On No Kings, their second album, Minneapolis based rap collective Doomtree offer up a hybrid of slick street beats along with the glitched-out sounds fans can’t seem to get enough of these days. The album is fun and fierce, a catchy hip-hop sound from seven people who retreated to a Wisconsin cabin to write and record it. A follow up to 2008’s Doomtree, the album does a good job reintroducing the crew, playing off their strengths defined from the last release.

In the time since, P.O.S., Dessa, Sims, Cecil Otter, Mike Mictlan, Lazerbeak and Paper Tiger have become stars in their own right. Doomtree’s single, “Bolt Cutter” does a good job of presenting a fairly clear picture of the band, musically. The track starts off with a slick, catchy beat reminiscent of old Massive Attack and quickly moves into a fierce rap and group hook. The beats project the power of P.O.S., the inventive classicism of Cecil Otter, the moving moodiness of Paper Tiger and the face-melting heat of Lazerbeak.

Much the same can be said for “No Way,” a grimy thumper, which conjures up comparisons to an angrier, slightly hip-hoppier and certainly darker, Groove Armada (the most recent stuff, not the chillout era GA).

Although the music tends to twist towards darker industrial dance beats, No Kings is an entertaining record.
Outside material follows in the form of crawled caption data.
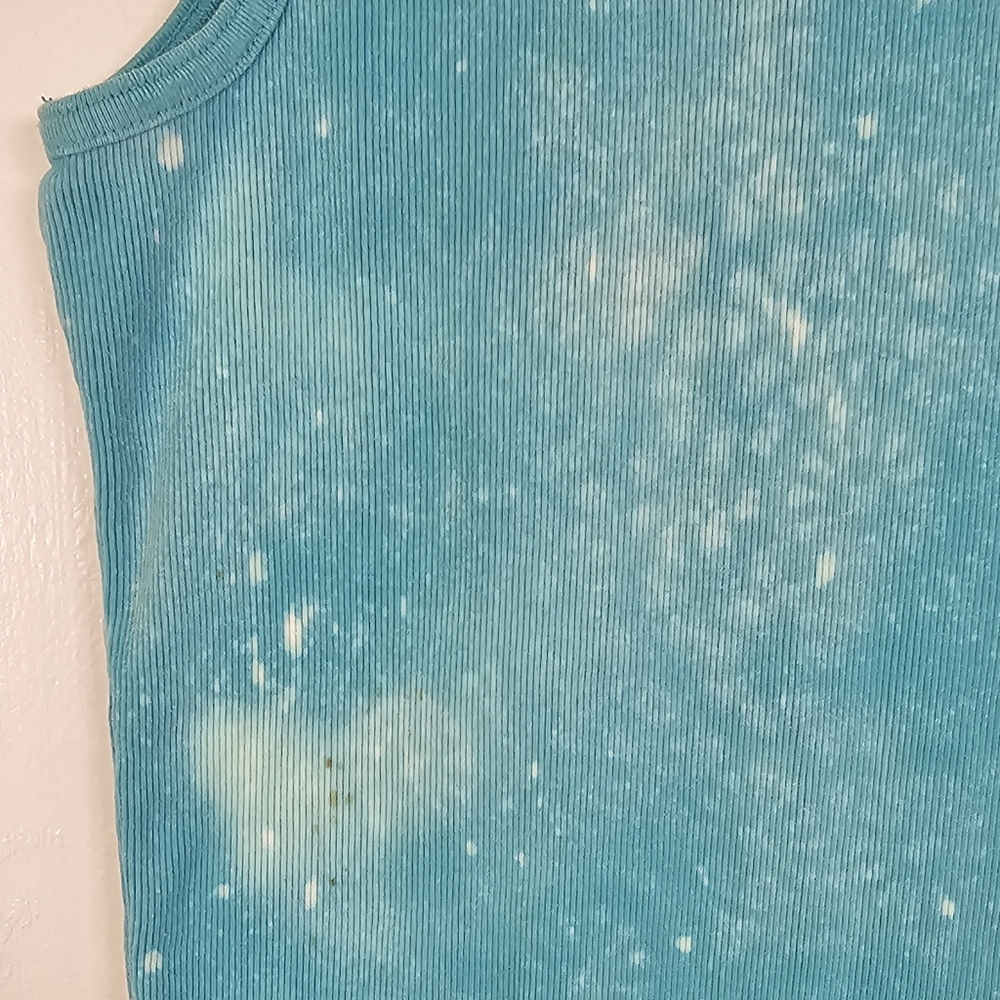 Tie-Dye Floral Tank Top - Picture 7 of 11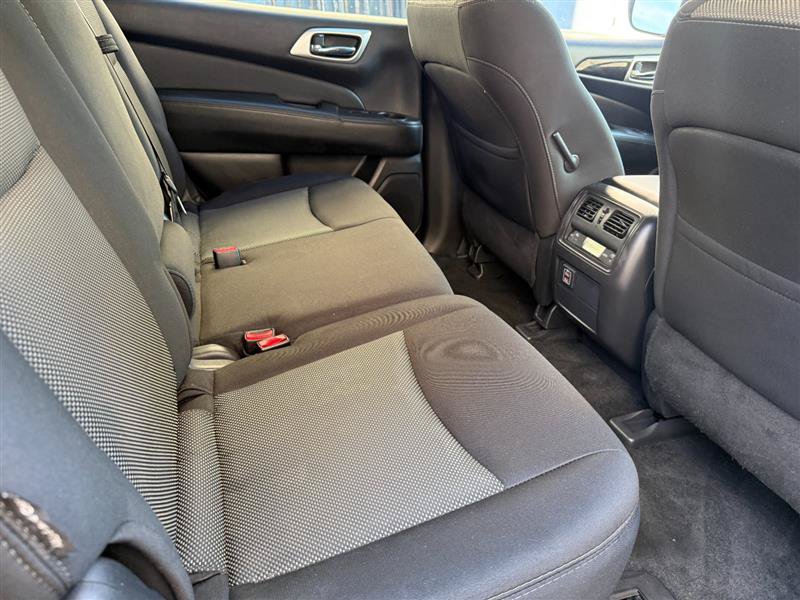 Used 2018 Nissan Pathfinder S AWD/4WD image 25
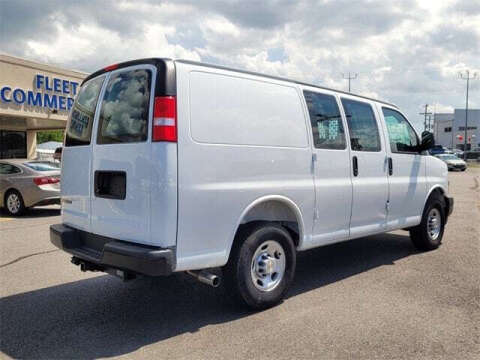 2025 Chevrolet Express 2500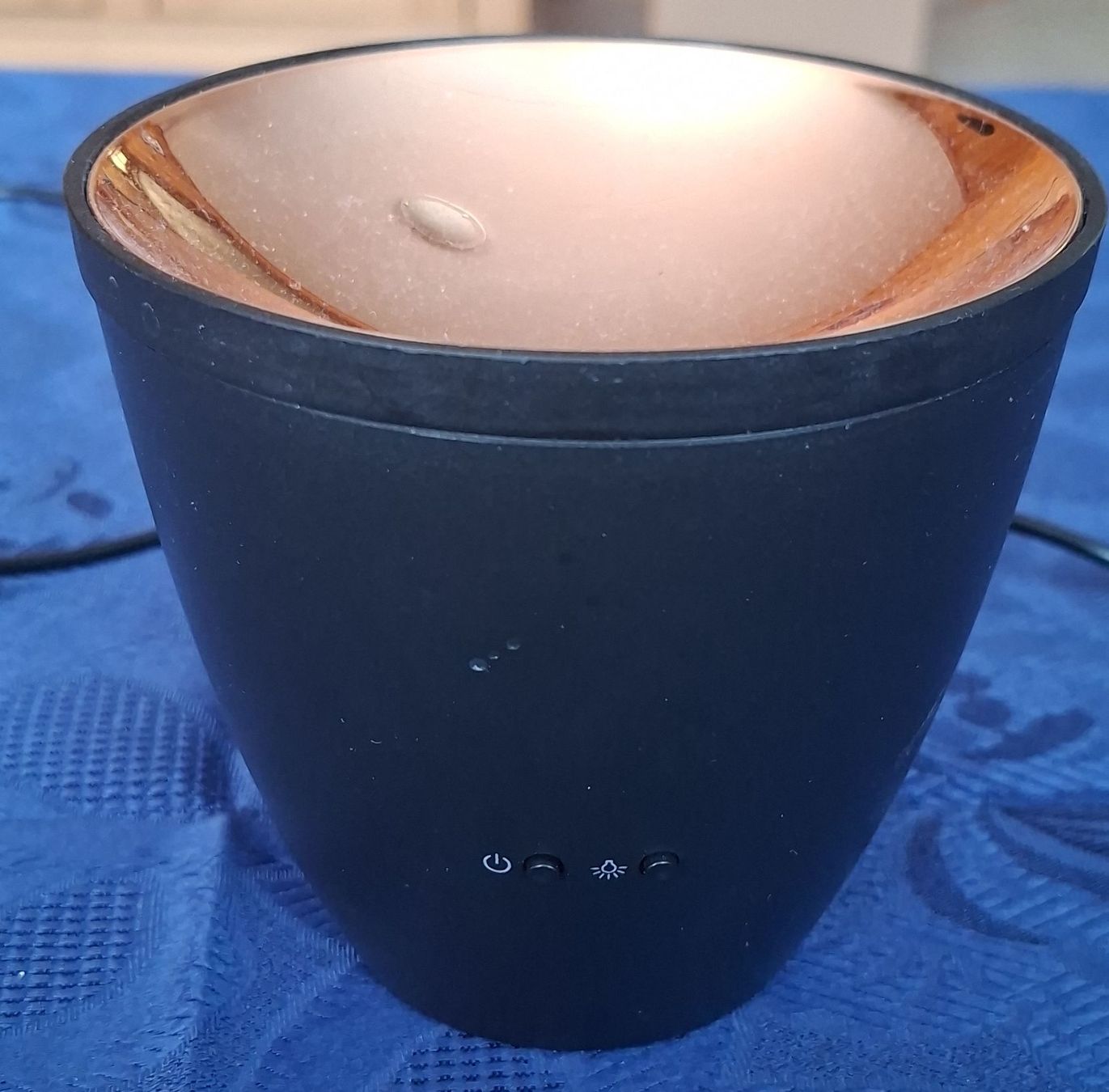Diffusori di oli essenziali: Aromadiffuser schwarz, guter Zustand – Usato da Marbach LU venduto da antanarivo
Listening to it once through, even picking one song out, reminds me of sitting through the trailer to an over-the-top action flick. There may be a strong message stored within, but it’s just difficult to get through the musical walls to understand it. In many ways the music overwhelms the message.

That said, there isn’t a bad track on the album. Although, it’s sometimes difficult to distinguish tracks like “Bangarang” and “Punch-Out,” the songs contribute to the overall energy and party-like atmosphere of the record. It’s clear that Doomtree, “10 years in the lane,” have perfected their craft, delivering a fun, bump-worthy album. While it won’t set a new standard for the genre, No Kings is surely a nice respite from much of the pedestrian hip-hop acts out today. (Doomtree Records)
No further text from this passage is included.